R: Quickly generate synthetic data for simulation studies

generateData {missoNet}

R Documentation

Quickly generate synthetic data for simulation studies

Description

The ‘generateData’ function is used to readily produce synthetic data with randomly/systematically-missing values from a conditional Gaussian graphical model. This function supports three types of missing mechanisms that can be specified by users – missing completely at random (MCAR), missing at random (MAR) and missing not at random (MNAR).

Usage

generateData(
  X = NULL,
  Beta = NULL,
  E = NULL,
  Theta = NULL,
  Sigma.X = NULL,
  n,
  p,
  q,
  rho,
  missing.type = "MCAR",
  Beta.row.sparsity = 0.2,
  Beta.elm.sparsity = 0.2,
  with.seed = NULL
)

Arguments

`X`	(Optional) a user-supplied predictor matrix (`n\times p`). The default is `'NULL'` and the program simulates the rows of `'X'` independently from `\mathcal{MVN}`(`0_p`, `\mathbf{\Sigma}_X`). A user-supplied matrix overrides this default, and the argument `'Sigma.X'` for `\mathbf{\Sigma}_X` will be ignored.
`Beta`	(Optional) a user-supplied regression coefficient matrix `\mathbf{B}` (`p\times q`). The default is `'NULL'` and the program will generate a sparse `\mathbf{B}` in which the nonzero elements are independently drawn from `\mathcal{N}(0, 1)`; the row sparsity and element sparsity of `\mathbf{B}` are controlled by the arguments `'Beta.row.sparsity'` and `'Beta.elm.sparsity'`, respectively.
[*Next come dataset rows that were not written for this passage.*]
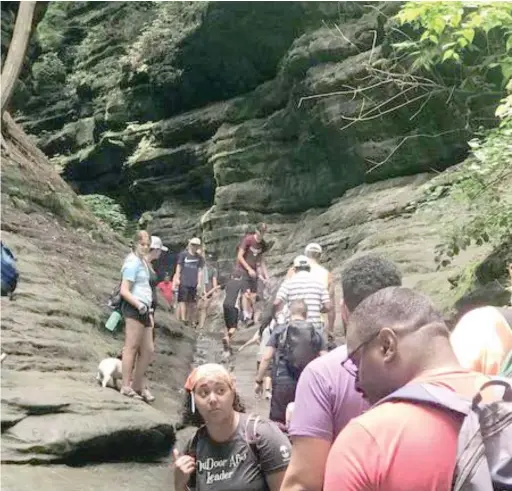  ?? PROVIDED PHOTOS ?? Christine Meissner, in the orange headband, leads a group into the French Canyon of Starved Rock State Park in June 2019.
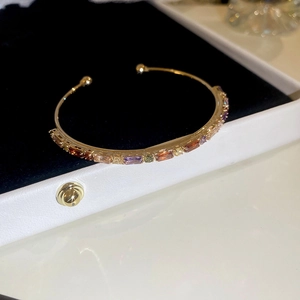 Close-up of golden C-shaped bangle with colorful rectangular gemstones on black velvet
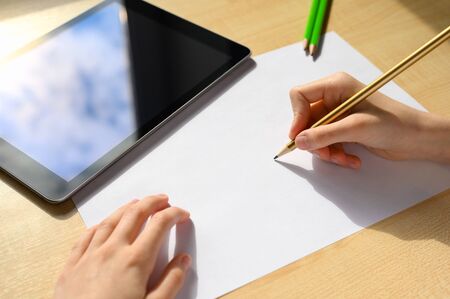 Online lesson at school on a sunny day. Social distance. Learning to draw. Home school conceptの写真素材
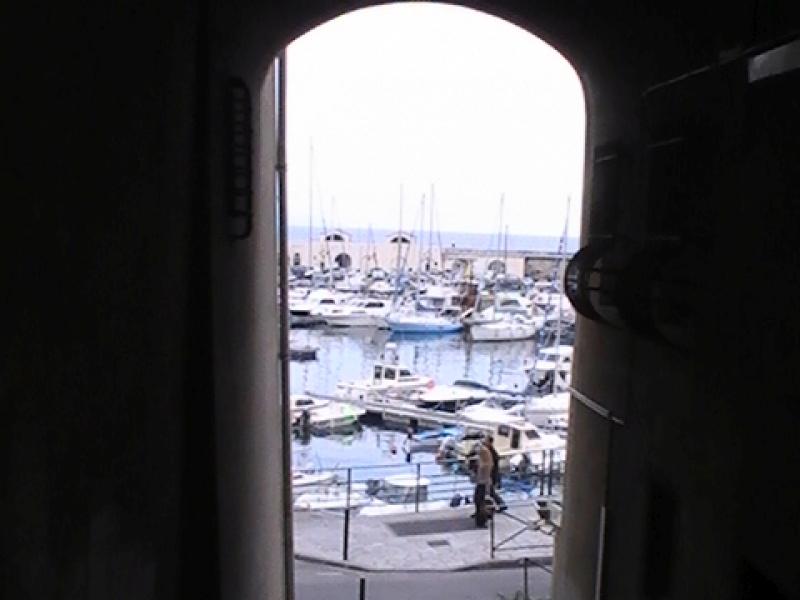 Ajaccio, 2008: арка ведёт к гавани с яхтами и бетонной набережной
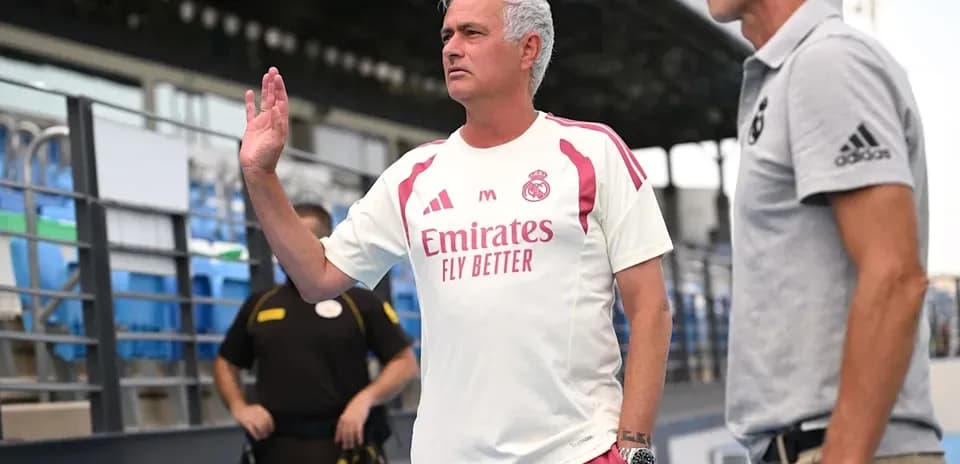 Coach gesturing during training session at stadium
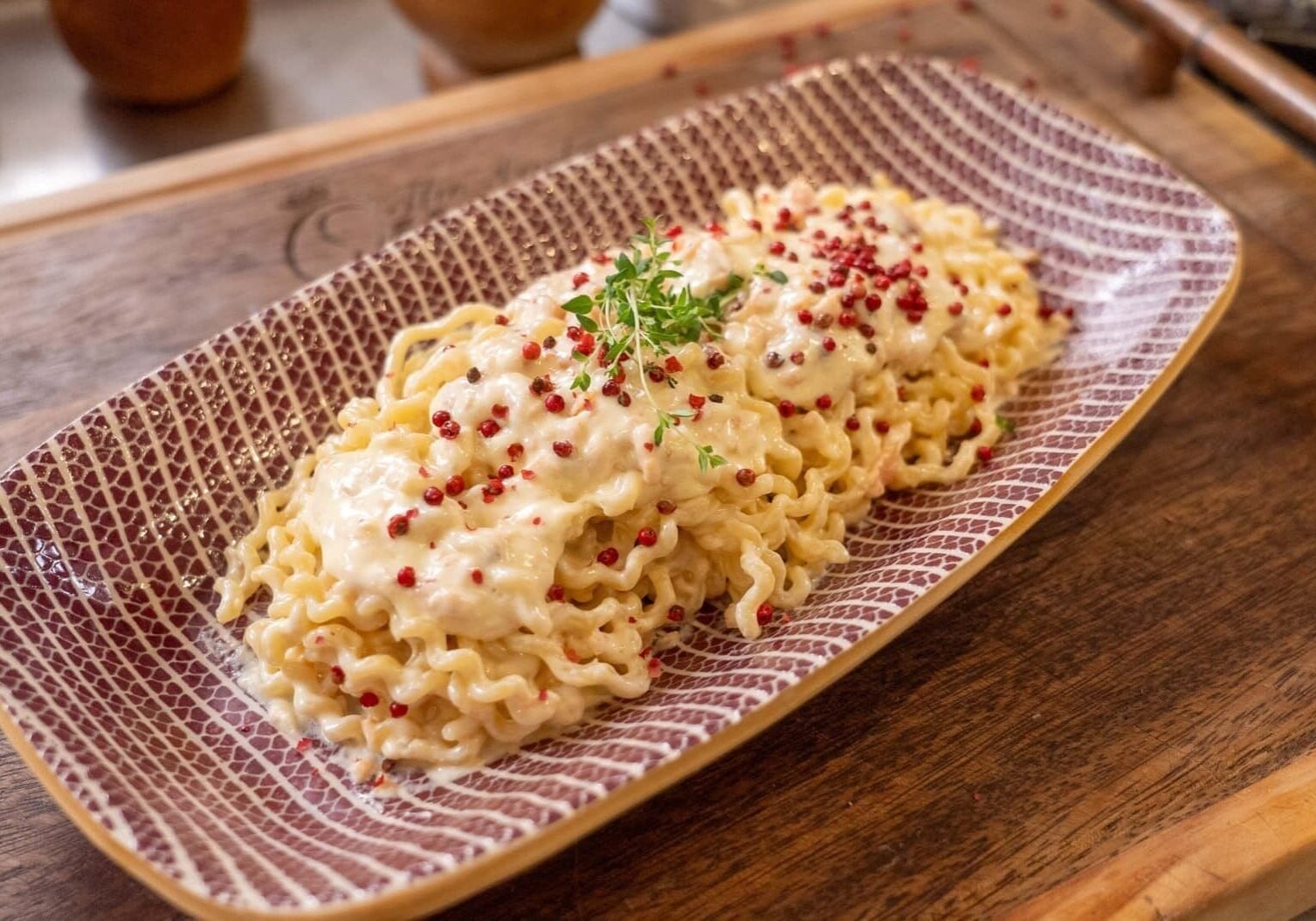 A rectangular plate with pasta topped with creamy sauce, pink peppercorns, and garnished with fresh greens, placed on a wooden surface.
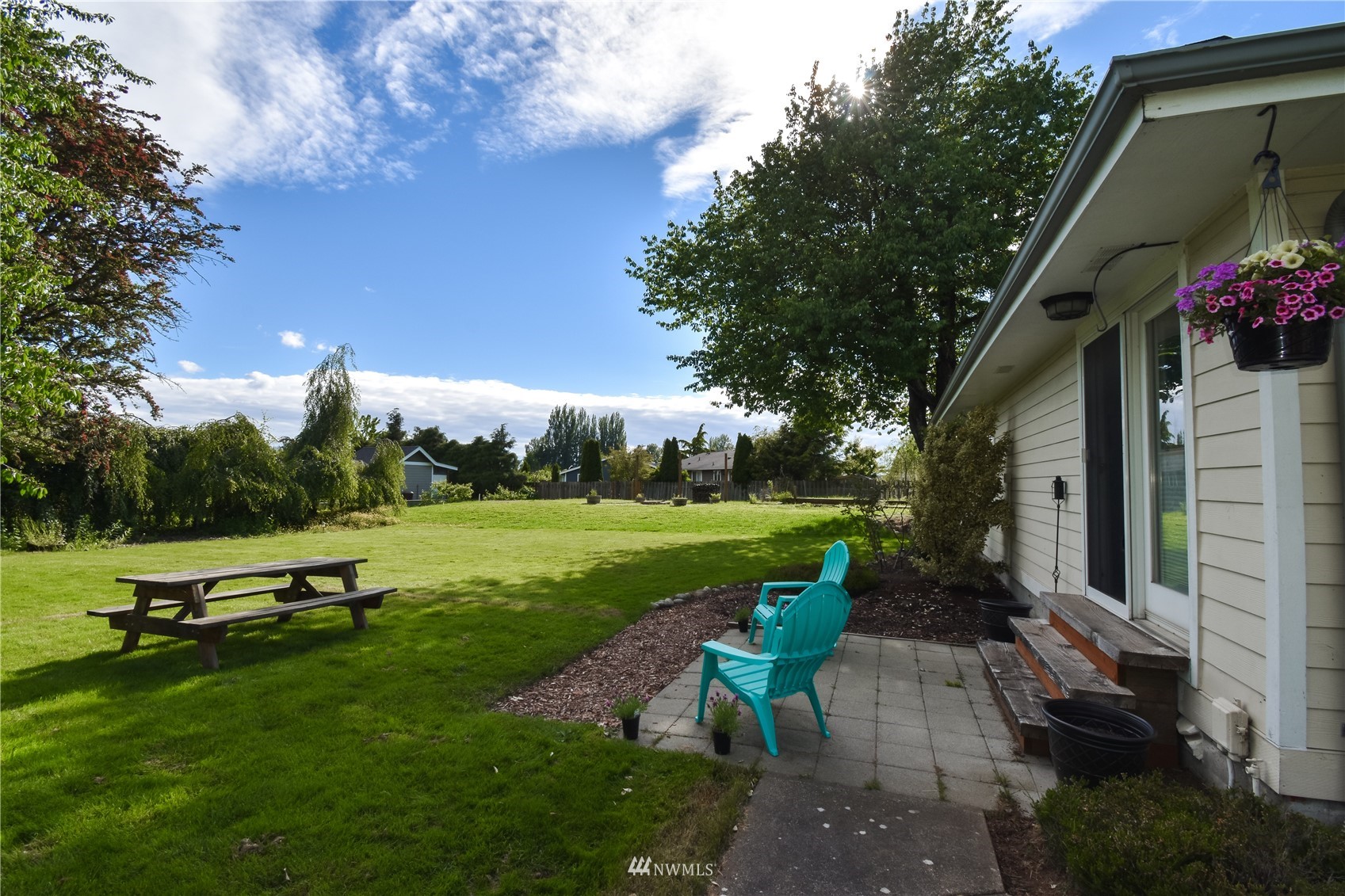 1375 West Smith Road Ferndale, WA 98248 - Photo 3 of 19 a view of a park with plants and a bench
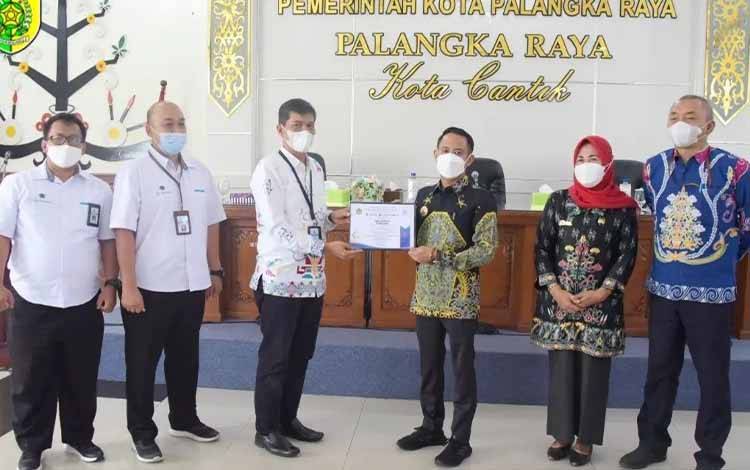 Wali Kota Palangka Raya, Fairid Naparin menerima piagam penghargaan kategori debitur peringkat ketiga nasional. (FOTO: HUMAS PEMKO)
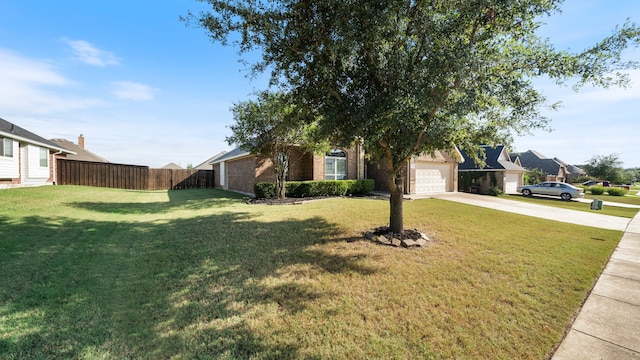 view of front of property with a garage and a front yard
A user-supplied matrix overrides this default, and `'Beta.row.sparsity'` and `'Beta.elm.sparsity'` will be ignored.
`E`	(Optional) a user-supplied error matrix (`n\times q`). The default is `'NULL'` and the program simulates the rows of `'E'` independently from `\mathcal{MVN}`(`0_q`, `\mathbf{\Theta}^{-1}`). A response matrix `'Y'` without missing values is given by `'Y = X %*% Beta + E'`. A user-supplied matrix overrides this default, and the argument `'Theta'` for `\mathbf{\Theta}` will be ignored.
`Theta`	(Optional) a user-supplied positive definite precision (inverse covariance) matrix `\mathbf{\Theta}` (`q\times q`) for the response variables. The default is `'NULL'` and the program will generate a block-structured matrix having four blocks corresponding to four types of network structures: independent, weak graph, strong graph and chain. This is only needed when `'E = NULL'`.
`Sigma.X`	(Optional) A user-supplied positive definite covariance matrix `\mathbf{\Sigma}_X` (`p\times p`) for the predictor variables. The samples of `'X'` are independently drawn from a multivariate Gaussian distribution `\mathcal{MVN}`(`0_p`, `\mathbf{\Sigma}_X`). If `'Sigma.X = NULL'` (default), the program uses an AR(1) covariance with 0.7 autocorrelation (i.e., `[\mathbf{\Sigma}_X]_{jk} = 0.7^{\|j-k\|}`). This is only needed when `'X = NULL'`.
`n`	Sample size.
`p`	The dimensionality of the predictors.
`q`	The dimensionality of the responses.
`rho`	A scalar or a numeric vector of length `q` specifying the approximate proportion of missing values in each column of the response matrix.
`missing.type`	Character string: can be "`MCAR`" (default), "`MAR`" or "`MNAR`".
`Beta.row.sparsity`	A Bernoulli parameter between 0 and 1 controlling the approximate proportion of rows where at least one element could be nonzero in `\mathbf{B}`; the default is `'Beta.row.sparsity = 0.2'`. This is only needed when `'Beta = NULL'`.
`Beta.elm.sparsity`	A Bernoulli parameter between 0 and 1 controlling the approximate proportion of nonzero elements among the rows of `\mathbf{B}` where not all elements are zeros; the default is `'Beta.elm.sparsity = 0.2'`. This is only needed when `'Beta = NULL'`.
`with.seed`	A random number seed for the generative process.

Details

The dataset is simulated through the following steps:

If 'X = NULL' (default), the function ‘MASS::mvrnorm(n, mean = rep(0, p), sigma = Sigma.X)’ is used to simulate 'n' samples from a 'p'-variate Gaussian distribution for generating a predictor matrix 'X';
If 'Beta = NULL' (default), the function ‘stats::rnorm(p*q, 0, 1)’ is used to fill an empty (p \times q) dimensional matrix 'Beta', of which the row sparsity and element sparsity are later controlled by the auxiliary arguments 'Beta.row.sparsity' and 'Beta.elm.sparsity', respectively;
If 'E = NULL' (default), the function ‘MASS::mvrnorm(n, mean = rep(0, q), sigma = solve(Theta))’ is used to simulate 'n' samples from a 'q'-variate Gaussian distribution for generating an error matrix 'E';
A complete response matrix 'Y' without missing values is then generated by the command 'Y = X %*% Beta + E';
To get a response matrix 'Z' := f('Y') corrupted by missing data, the values in 'Y' are partially replaced with 'NA's following the strategy specified by the arguments 'missing.type' and 'rho'.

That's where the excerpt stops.